Activity |
Using the records below, find how many lines hold the word "Heart" and reply with only that number.

Dataset content |
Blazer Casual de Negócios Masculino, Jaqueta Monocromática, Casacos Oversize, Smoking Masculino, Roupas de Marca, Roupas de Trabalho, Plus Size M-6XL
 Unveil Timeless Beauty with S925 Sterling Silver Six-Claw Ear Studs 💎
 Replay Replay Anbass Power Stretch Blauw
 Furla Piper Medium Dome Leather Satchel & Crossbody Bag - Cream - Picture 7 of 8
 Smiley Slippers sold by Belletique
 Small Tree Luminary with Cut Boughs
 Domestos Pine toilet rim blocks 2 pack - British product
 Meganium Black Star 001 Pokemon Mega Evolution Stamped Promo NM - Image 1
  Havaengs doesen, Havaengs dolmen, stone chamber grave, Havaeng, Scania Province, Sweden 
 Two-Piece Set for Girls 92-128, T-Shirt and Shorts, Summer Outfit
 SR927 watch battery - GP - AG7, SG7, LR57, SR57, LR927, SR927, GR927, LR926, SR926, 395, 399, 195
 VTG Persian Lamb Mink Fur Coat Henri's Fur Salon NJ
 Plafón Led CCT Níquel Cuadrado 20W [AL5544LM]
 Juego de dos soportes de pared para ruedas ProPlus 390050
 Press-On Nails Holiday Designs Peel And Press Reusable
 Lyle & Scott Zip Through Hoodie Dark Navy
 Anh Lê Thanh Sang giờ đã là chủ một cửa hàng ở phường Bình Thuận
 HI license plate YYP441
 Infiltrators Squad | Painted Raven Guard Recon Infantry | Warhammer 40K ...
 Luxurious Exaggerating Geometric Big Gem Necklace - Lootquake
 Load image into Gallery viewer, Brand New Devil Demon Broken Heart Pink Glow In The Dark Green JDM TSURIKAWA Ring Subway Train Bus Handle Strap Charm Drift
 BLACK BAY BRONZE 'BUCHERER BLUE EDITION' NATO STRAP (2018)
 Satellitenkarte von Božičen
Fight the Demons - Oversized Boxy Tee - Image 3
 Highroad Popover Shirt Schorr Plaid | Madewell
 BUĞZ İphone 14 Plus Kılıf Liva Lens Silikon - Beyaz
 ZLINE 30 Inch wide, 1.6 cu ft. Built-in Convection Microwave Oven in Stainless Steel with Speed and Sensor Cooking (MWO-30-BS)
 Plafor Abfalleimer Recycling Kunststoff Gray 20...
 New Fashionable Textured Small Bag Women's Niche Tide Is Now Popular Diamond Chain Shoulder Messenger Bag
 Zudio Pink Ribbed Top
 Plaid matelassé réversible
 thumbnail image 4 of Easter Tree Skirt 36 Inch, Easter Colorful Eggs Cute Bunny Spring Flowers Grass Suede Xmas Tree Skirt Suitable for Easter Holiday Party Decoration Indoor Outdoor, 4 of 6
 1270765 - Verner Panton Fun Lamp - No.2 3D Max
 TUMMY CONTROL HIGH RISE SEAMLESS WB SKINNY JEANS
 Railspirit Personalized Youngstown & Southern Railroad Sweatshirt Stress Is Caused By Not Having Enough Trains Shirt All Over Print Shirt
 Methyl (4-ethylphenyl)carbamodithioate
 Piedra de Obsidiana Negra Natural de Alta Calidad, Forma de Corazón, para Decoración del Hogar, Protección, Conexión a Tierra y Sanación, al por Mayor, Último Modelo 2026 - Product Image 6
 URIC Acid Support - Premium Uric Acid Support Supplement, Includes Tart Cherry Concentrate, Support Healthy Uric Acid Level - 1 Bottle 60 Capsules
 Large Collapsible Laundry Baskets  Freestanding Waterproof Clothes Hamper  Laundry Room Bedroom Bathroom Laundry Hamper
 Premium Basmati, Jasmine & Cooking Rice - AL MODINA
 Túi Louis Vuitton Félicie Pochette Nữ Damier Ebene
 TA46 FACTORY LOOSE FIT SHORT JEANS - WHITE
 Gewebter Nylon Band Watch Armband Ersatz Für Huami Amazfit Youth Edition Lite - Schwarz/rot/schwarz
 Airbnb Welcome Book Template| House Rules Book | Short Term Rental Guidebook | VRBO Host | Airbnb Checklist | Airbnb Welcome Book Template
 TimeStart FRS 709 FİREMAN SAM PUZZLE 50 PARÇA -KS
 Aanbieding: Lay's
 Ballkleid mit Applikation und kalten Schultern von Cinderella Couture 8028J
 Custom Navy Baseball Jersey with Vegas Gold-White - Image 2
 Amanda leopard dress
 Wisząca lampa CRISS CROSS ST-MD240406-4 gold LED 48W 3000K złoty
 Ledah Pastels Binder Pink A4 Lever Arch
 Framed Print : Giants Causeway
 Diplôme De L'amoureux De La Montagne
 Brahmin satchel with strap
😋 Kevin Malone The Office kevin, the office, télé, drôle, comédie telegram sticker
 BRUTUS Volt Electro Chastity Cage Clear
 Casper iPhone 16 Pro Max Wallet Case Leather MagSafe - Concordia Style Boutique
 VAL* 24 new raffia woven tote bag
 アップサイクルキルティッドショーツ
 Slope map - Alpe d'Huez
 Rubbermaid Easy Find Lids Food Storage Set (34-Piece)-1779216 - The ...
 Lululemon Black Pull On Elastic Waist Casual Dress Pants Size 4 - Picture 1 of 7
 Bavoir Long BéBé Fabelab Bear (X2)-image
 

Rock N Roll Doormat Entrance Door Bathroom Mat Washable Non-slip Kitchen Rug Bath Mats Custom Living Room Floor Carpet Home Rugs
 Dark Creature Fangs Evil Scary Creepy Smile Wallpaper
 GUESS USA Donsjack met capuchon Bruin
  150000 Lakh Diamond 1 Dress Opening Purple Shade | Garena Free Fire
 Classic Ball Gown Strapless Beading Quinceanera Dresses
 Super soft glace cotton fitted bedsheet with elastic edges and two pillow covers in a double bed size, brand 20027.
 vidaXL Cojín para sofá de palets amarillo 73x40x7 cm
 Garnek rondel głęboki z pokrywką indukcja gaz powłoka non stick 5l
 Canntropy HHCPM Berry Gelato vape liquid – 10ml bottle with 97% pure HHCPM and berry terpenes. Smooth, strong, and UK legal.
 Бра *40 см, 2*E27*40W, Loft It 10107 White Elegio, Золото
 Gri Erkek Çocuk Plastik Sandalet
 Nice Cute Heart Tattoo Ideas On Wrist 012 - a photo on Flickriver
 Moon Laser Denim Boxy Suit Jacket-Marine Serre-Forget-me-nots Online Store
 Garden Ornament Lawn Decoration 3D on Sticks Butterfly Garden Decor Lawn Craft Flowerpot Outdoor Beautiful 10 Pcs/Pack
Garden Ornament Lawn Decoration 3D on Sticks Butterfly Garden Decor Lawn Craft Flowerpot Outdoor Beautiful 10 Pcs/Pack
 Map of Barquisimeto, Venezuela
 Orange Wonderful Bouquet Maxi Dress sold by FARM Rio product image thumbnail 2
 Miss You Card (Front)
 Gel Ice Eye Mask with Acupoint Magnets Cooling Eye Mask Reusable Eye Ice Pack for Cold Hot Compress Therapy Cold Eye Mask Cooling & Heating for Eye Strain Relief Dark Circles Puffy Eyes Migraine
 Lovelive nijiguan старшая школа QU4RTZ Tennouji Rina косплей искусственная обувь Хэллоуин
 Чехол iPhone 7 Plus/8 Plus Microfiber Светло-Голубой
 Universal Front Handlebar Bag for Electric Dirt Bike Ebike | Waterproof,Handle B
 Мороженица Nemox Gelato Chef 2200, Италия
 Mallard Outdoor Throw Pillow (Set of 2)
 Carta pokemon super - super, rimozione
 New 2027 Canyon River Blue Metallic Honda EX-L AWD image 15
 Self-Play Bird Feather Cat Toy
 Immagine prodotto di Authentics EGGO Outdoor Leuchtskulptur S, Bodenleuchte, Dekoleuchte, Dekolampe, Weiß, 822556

Written solution |
2